From: Eliezer S. Yudkowsky (sentience@pobox.com)
Date: Mon Jul 07 2003 - 21:36:44 MDT
Lee Corbin wrote:
> Mitchell writes
> 
>>But what I still don't get is what's wrong with
>>'orthodox statistics'. I obtained my p1/(p1+p2)
>>through frequentist thinking, which is supposed to
>>be anathema to Bayesians. On the SL4 list, Ben
>>Goertzel implies that "non-Bayesian probabilists"
>>are restricted in their choice of priors:
>>http://sl4.org/archive/0305/6820.html
> 
> I can't answer your question, but did you check out problem
> number three on my list?  Apparently Bayesian statisticians
> can solve it whereas those like me trained in classical
> mathematics, do not have enough information.  I'm still in
> shock that not in all instances does P(A & B) = P(A|B)*P(B)

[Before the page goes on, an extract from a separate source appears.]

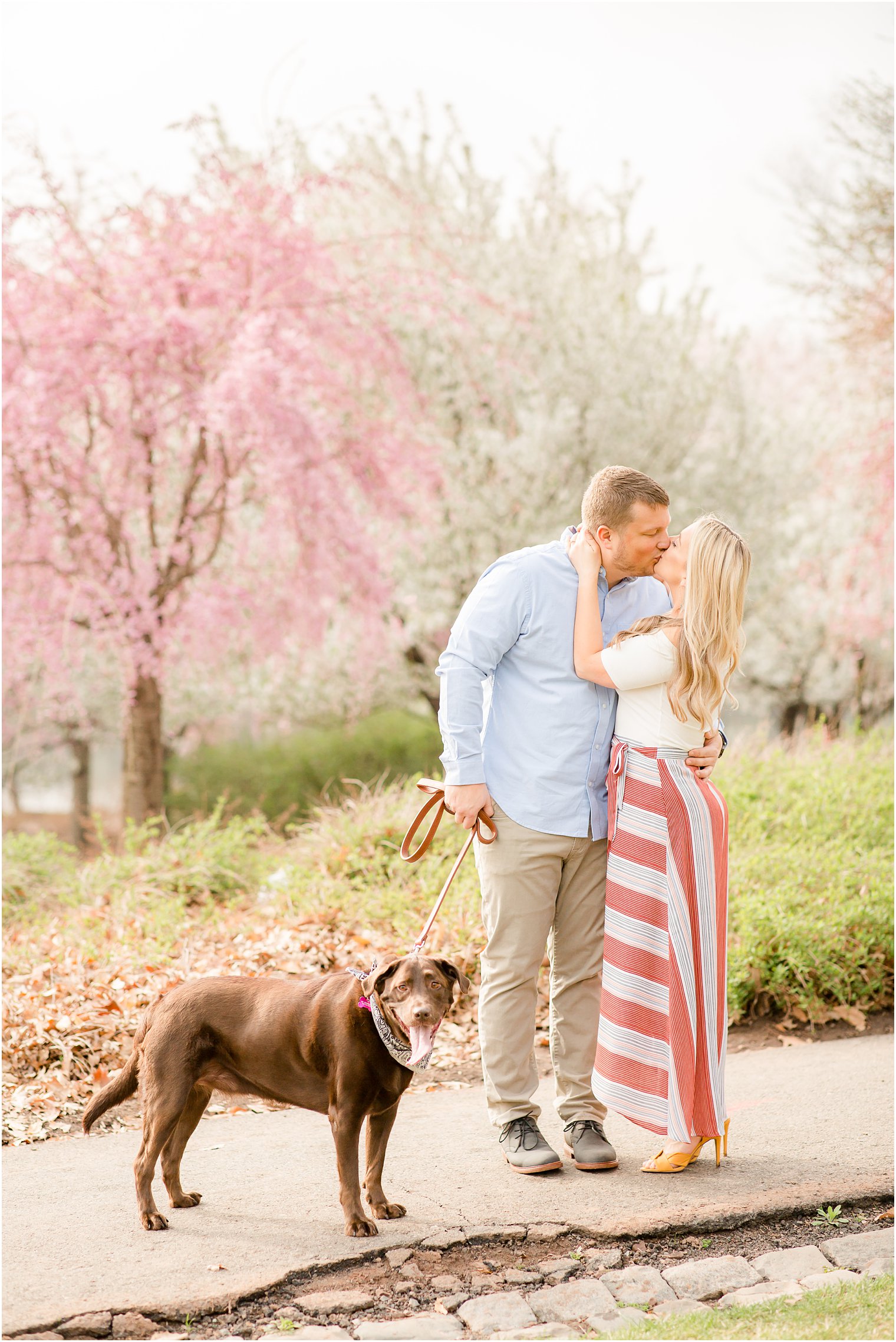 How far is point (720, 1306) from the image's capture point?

> according to the Bayesians.
Eh?  Nani?  Since when?
Remember, frequentists are just confused, roundabout Bayesians who 
occasionally give wrong answers - it's not that Bayesians "abjure 
frequentist methods", since, of course, all frequentist methods are merely 
distorted and remixed Bayesian methods.  For example, I don't believe the 
common accusation that frequentists have no priors, which is really quite 
an awful thing to say about anyone.  Frequentists have priors, they just 
refuse to admit it.  Even the most hardened frequentists can become 
Bayesians at any time just by admitting they have priors.  Similarly, the 
Bayesian Way derives entirely from the shining light of the Theorem, which 
determines everything quite simply; the Bayesian Way precedes frequentism 
and has nothing to do with what frequentists may or may not do.